##### Supplied material #####

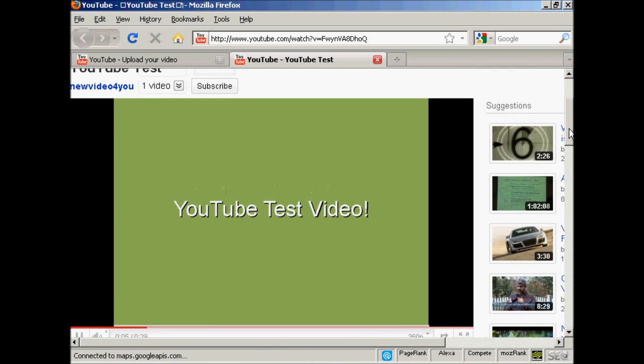This is a simple YouTube test video that I'm putting together just to demonstrate how you can upload a video to YouTube. There isn't any other content in this video, it's just purely and solely a simple graphic just to show how easy it is to upload a video to YouTube and get it online.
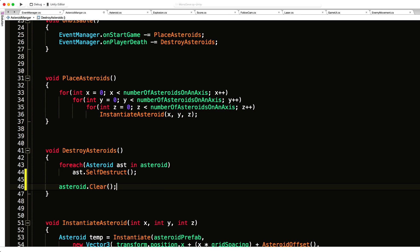Now when we start the game again, the list that we have for asteroids is fresh and new, and we don't have to worry about it trying to destroy stuff that does not exist. I'm going to save this one off.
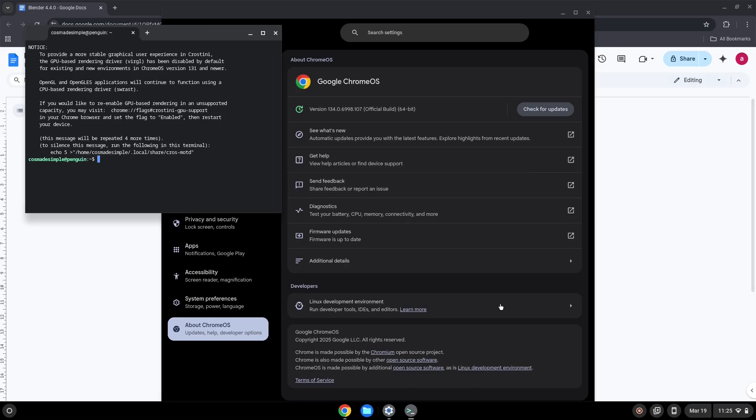Now that we have enabled Linux apps on our system, we will continue to the next part of the installation process, which is to run several commands in a terminal which will install Blender. All the commands are in the video description.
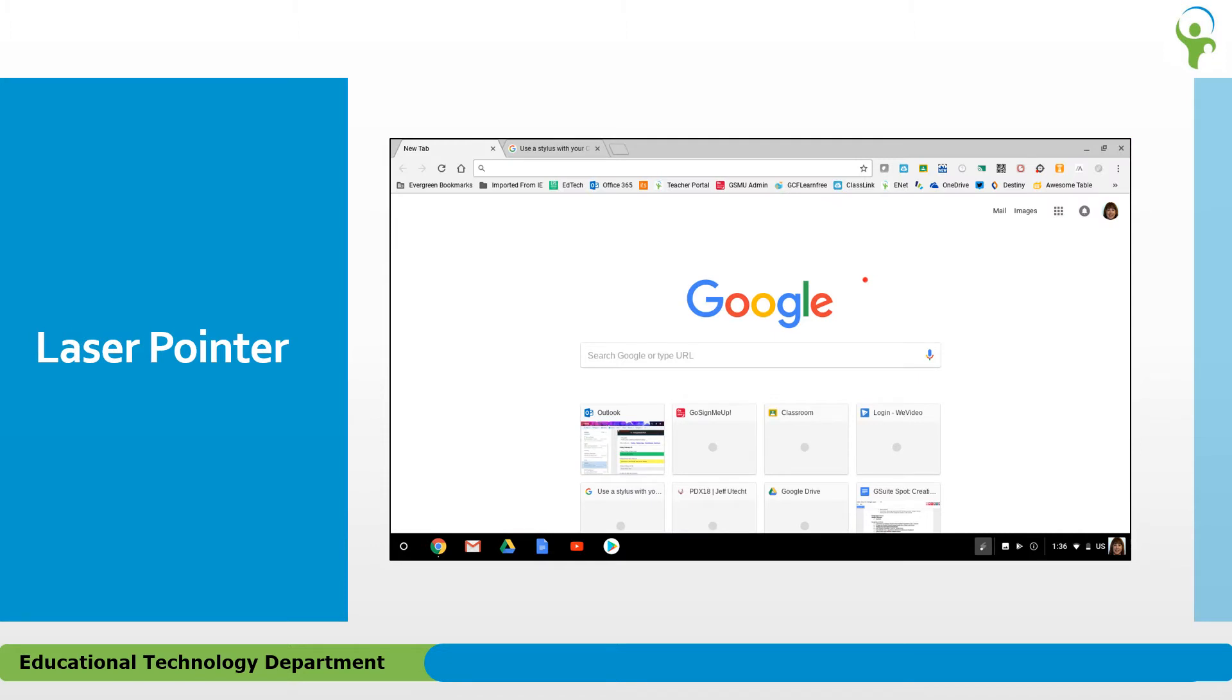The next Stylus tool is the Laser Pointer. Choosing this tool will produce a small red dot when the Stylus tip is touched to the screen.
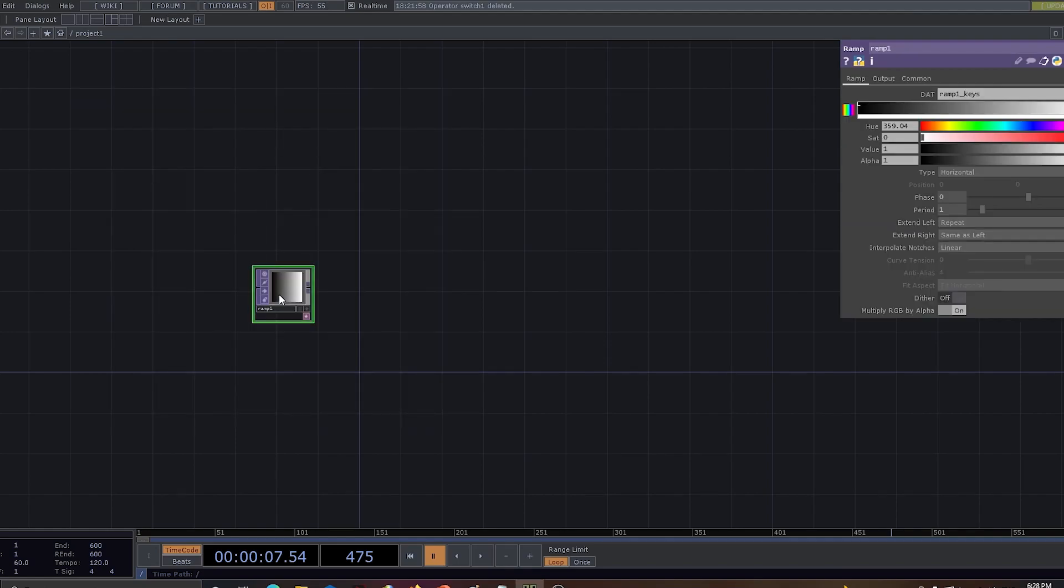All right, let's get going. First thing first, let's use ramp. Ramp is the basic component and it's based on the earlier tutorial that I've created. Let's give a period as 0.13.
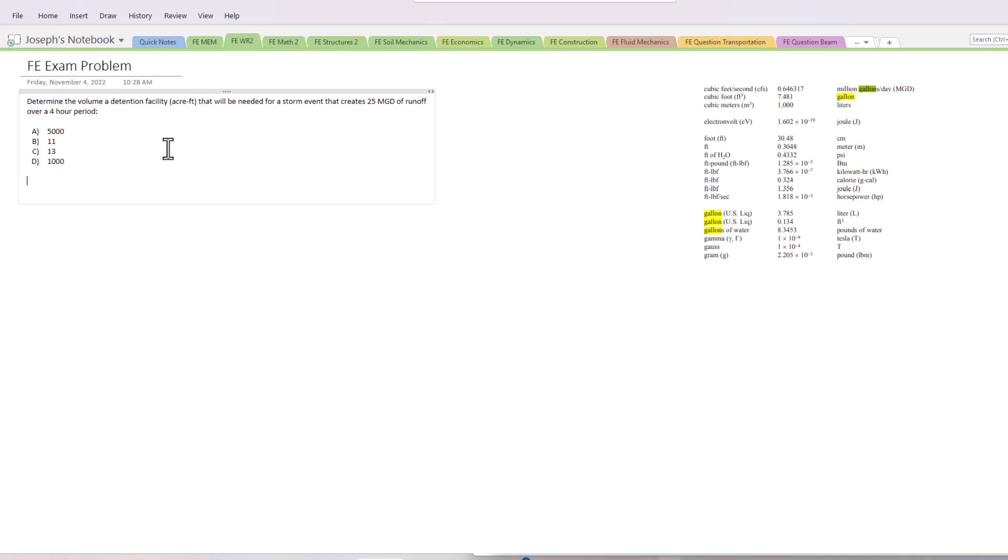but we've got to make sure to get our units correct. So we have 25 million gallons per day - how many CFS is that equal to? If we go over here: 0.646317 cubic feet per second. If you multiply by that value, you get million gallons per day. So to go the other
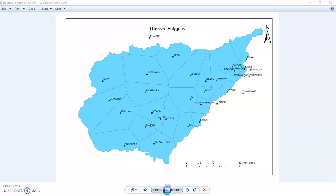Hello viewers. In this tutorial, I will discuss how to prepare Thiessen Polygon in ArcMap and also explain how to use the Thiessen Polygon in your study.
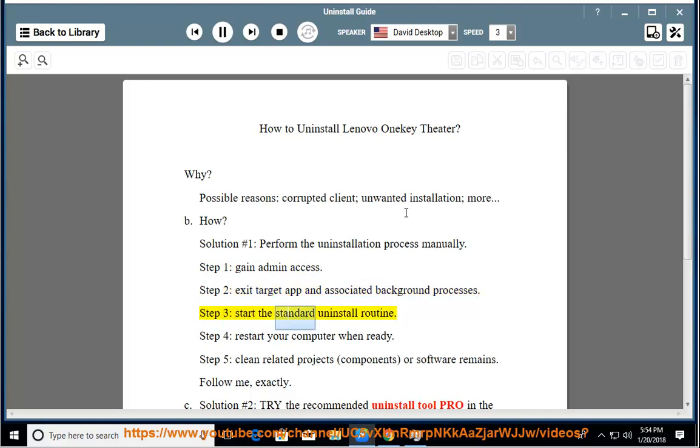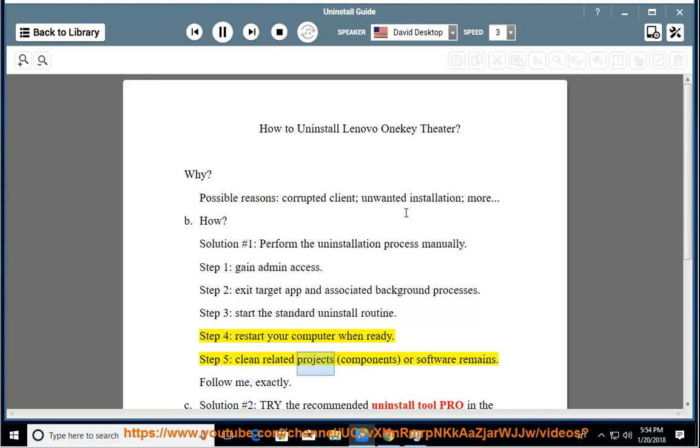Step 3: start the standard uninstall routine. Step 4: restart your computer when ready. Step 5: clean related project components or software remains. Follow the steps exactly.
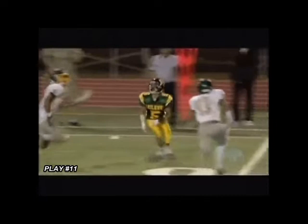Play 11 is a classic launch situation. The video shows a real good look at the definition of launching. This player makes first contact with the head or neck area of the receiver. This player needs to be disqualified.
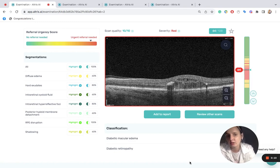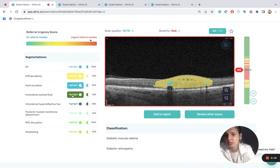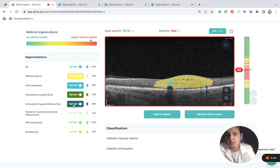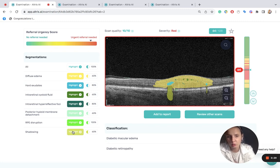We see the pathological signs that were detected on this scan: diffuse edema, hard exudates, intraretinal cystoid fluid, intraretinal hyperreflective foci, posterior hyloid membrane detachment, RPE disruption, and shadowing.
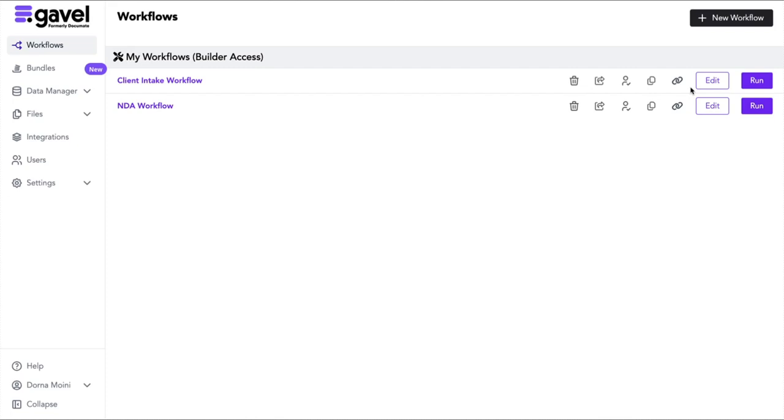First, I'm going to show you a live workflow that can be shared with your team, with clients, and be used internally. Then I'll show you how we create that workflow. So let's get started.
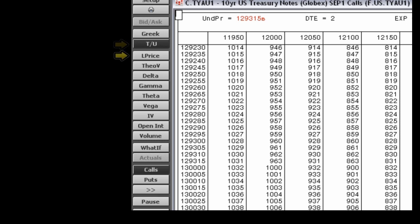The last price button displays the last price and the net change from the previous trading day's close for each option series. The theoretical value button displays the current theoretical value and the difference between the current price, last price, and the current theoretical value of the option.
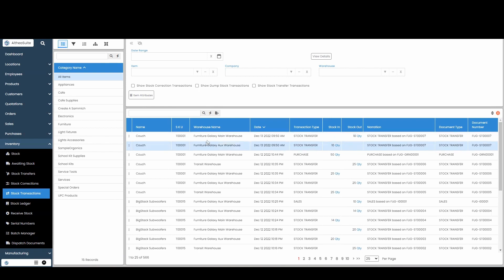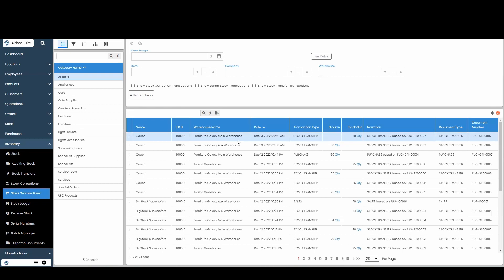And then the same item in my auxiliary warehouse, had a stock transfer stock in of ten. So that stock transfer was successful.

#####

Return every entry word for word, minus the pictures.

_Expected answer_
This is a simple YouTube test video that I'm putting together just to demonstrate how you can upload a video to YouTube. There isn't any other content in this video, it's just purely and solely a simple graphic just to show how easy it is to upload a video to YouTube and get it online.
Now when we start the game again, the list that we have for asteroids is fresh and new, and we don't have to worry about it trying to destroy stuff that does not exist. I'm going to save this one off.
Now that we have enabled Linux apps on our system, we will continue to the next part of the installation process, which is to run several commands in a terminal which will install Blender. All the commands are in the video description.
The next Stylus tool is the Laser Pointer. Choosing this tool will produce a small red dot when the Stylus tip is touched to the screen.
All right, let's get going. First thing first, let's use ramp. Ramp is the basic component and it's based on the earlier tutorial that I've created. Let's give a period as 0.13.
but we've got to make sure to get our units correct. So we have 25 million gallons per day - how many CFS is that equal to? If we go over here: 0.646317 cubic feet per second. If you multiply by that value, you get million gallons per day. So to go the other
Hello viewers. In this tutorial, I will discuss how to prepare Thiessen Polygon in ArcMap and also explain how to use the Thiessen Polygon in your study.
Step 3: start the standard uninstall routine. Step 4: restart your computer when ready. Step 5: clean related project components or software remains. Follow the steps exactly.
Play 11 is a classic launch situation. The video shows a real good look at the definition of launching. This player makes first contact with the head or neck area of the receiver. This player needs to be disqualified.
We see the pathological signs that were detected on this scan: diffuse edema, hard exudates, intraretinal cystoid fluid, intraretinal hyperreflective foci, posterior hyloid membrane detachment, RPE disruption, and shadowing.
First, I'm going to show you a live workflow that can be shared with your team, with clients, and be used internally. Then I'll show you how we create that workflow. So let's get started.
The last price button displays the last price and the net change from the previous trading day's close for each option series. The theoretical value button displays the current theoretical value and the difference between the current price, last price, and the current theoretical value of the option.
And then the same item in my auxiliary warehouse, had a stock transfer stock in of ten. So that stock transfer was successful.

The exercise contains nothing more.